FB: O que se quer com essa acusação falsa é provocar a intervenção estrangeira em nosso país. Há uma manipulação internacional para dizer que na Venezuela não há democracia. Isso mostra que há setores na oposição venezuelana que são golpistas, que estão conspirando, que obedecem interesses estrangeiros. O que eles querem é que tudo continue igual, que o presidente eleito saia do poder, que se privatizem as principais empresas nacionais. Contudo, isso não irá acontecer em Venezuela. Nós e também nosso presidente Hugo Chávez consideramos o neoliberalismo contrário aos interesses do povo.
CC: Qual sua visão sobre a cobertura do momento político na Venezuela pelos meios de comunicação?

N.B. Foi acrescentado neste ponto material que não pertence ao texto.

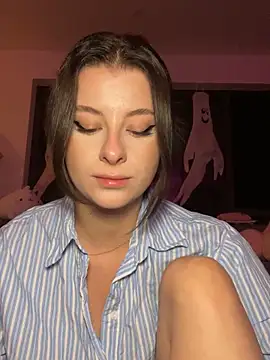 Mia-Minou online show from 10/16/25, 08:39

FB: Em toda a América Latina, não há uma Constituição que garanta liberdade de informação, liberdade de expressão, liberdade de opinião, como a constituição bolivariana. Lamentavelmente, na Venezuela, os proprietários dos meios de comunicação mais importantes, contrariamente ao que estabelece a própria Constituição nacional, estão fazendo uma guerra midiática. Uma guerra contra o país, que só visa confundir a população. Aqui no Brasil, em qualquer jornal, há ataques contra o governo e também informações a favor do governo, o que informa minimamente o que está acontecendo. Na Venezuela, por exemplo, quase ninguém sabe o que significa ALCA. Na semana passada, Chávez fez uma manifestação gigantesca, com o dobro de pessoas da marcha de oposição, e os meios de comunicação mal informaram. O mesmo aconteceu em 3 de abril, quando ocultaram do país que o povo e as Forças Armadas tinham restabelecido o presidente Chávez no poder. A mídia na Venezuela, os principais jornais, os canais de televisão estão a mando de empresários identificados com o setor golpista. Diariamente, saem informações estimulando a violência sindical, as greves, as manifestações, as passeatas.

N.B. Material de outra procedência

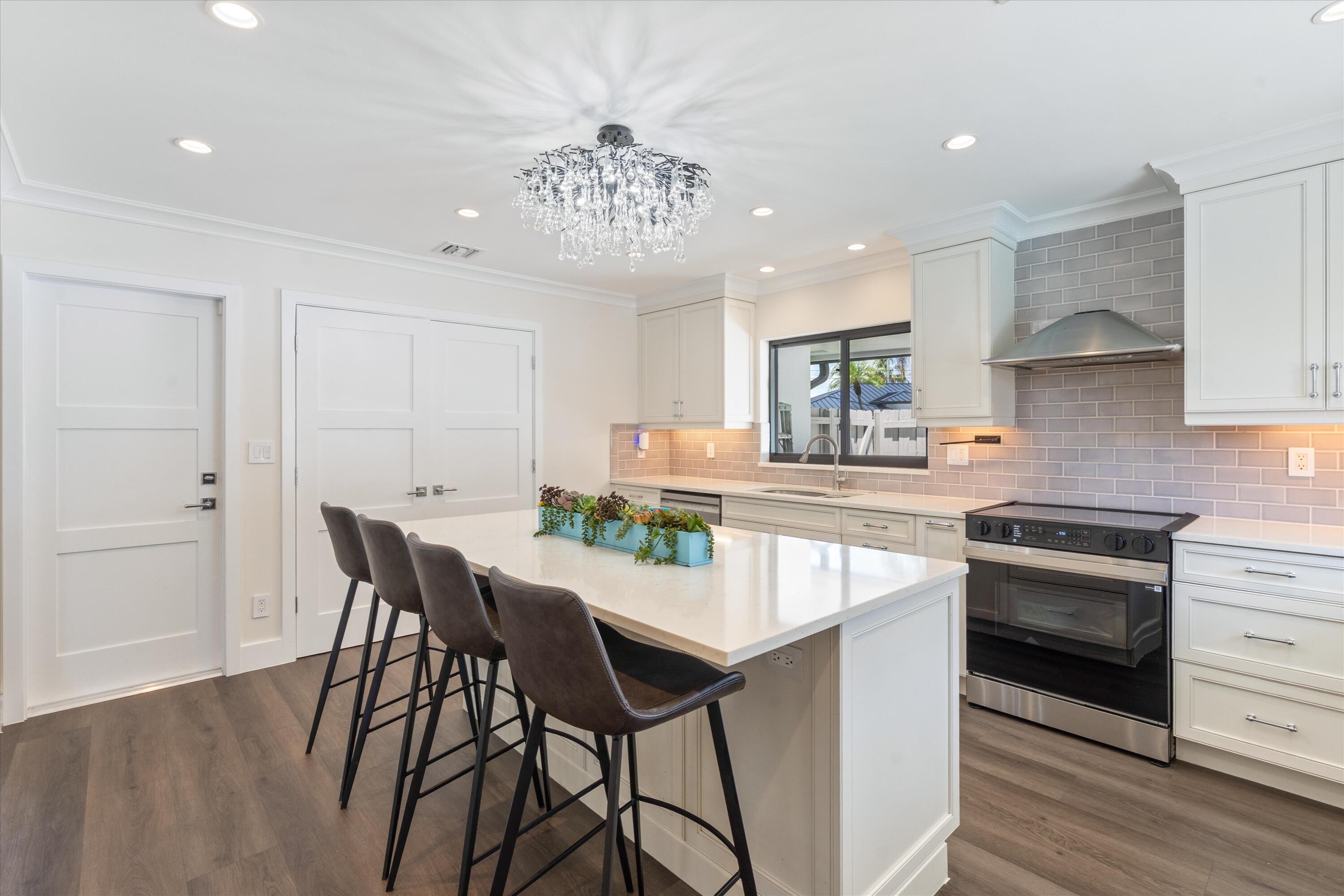 VENETIAN ISLES 3RD SEC - Residential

CC: Existe alguma relação entre a crise política da última semana na Venezuela e as eleições no Brasil?
FB: É inevitável que Lula desperte na América Latina um grande interesse, pela sua proposta de mudança e por seu programa. Na Venezuela, há muita simpatia por Lula, e não só por parte do governo, mas também por outros partidos e por personalidades independentes, porque estão todos cansados dos que estão no centro do poder.
CC: Como o senhor vê o desfecho dessa disputa política na Venezuela?
FB: Majoritariamente, o povo da Venezuela quer paz, quer tranqüilidade, quer que deixem o presidente Chávez trabalhar. Nesse sentido, vai se impor a vontade da maioria do povo. A oposição não tem um líder como Hugo Chávez e estão profundamente divididos. A derrubada de Chávez faria o país caminhar para o precipício, como quase aconteceu no golpe de 12 de abril. Nunca, em 4 anos de governo Chávez, houve presos políticos. Nas primeiras 24 horas de governo golpista, fizeram 820 presos políticos. Fecharam a Assembléia Nacional, fecharam o judiciário, fecharam todas as instituições democráticas.
Há um setor majoritário da população que quer Chávez, e um setor minoritário, mas importante, que não quer Chávez. Há também um setor que ainda não se manifestou. Portanto, o desfecho virá do referendo de agosto de 2003, que vai decidir manter ou não Chávez na presidência.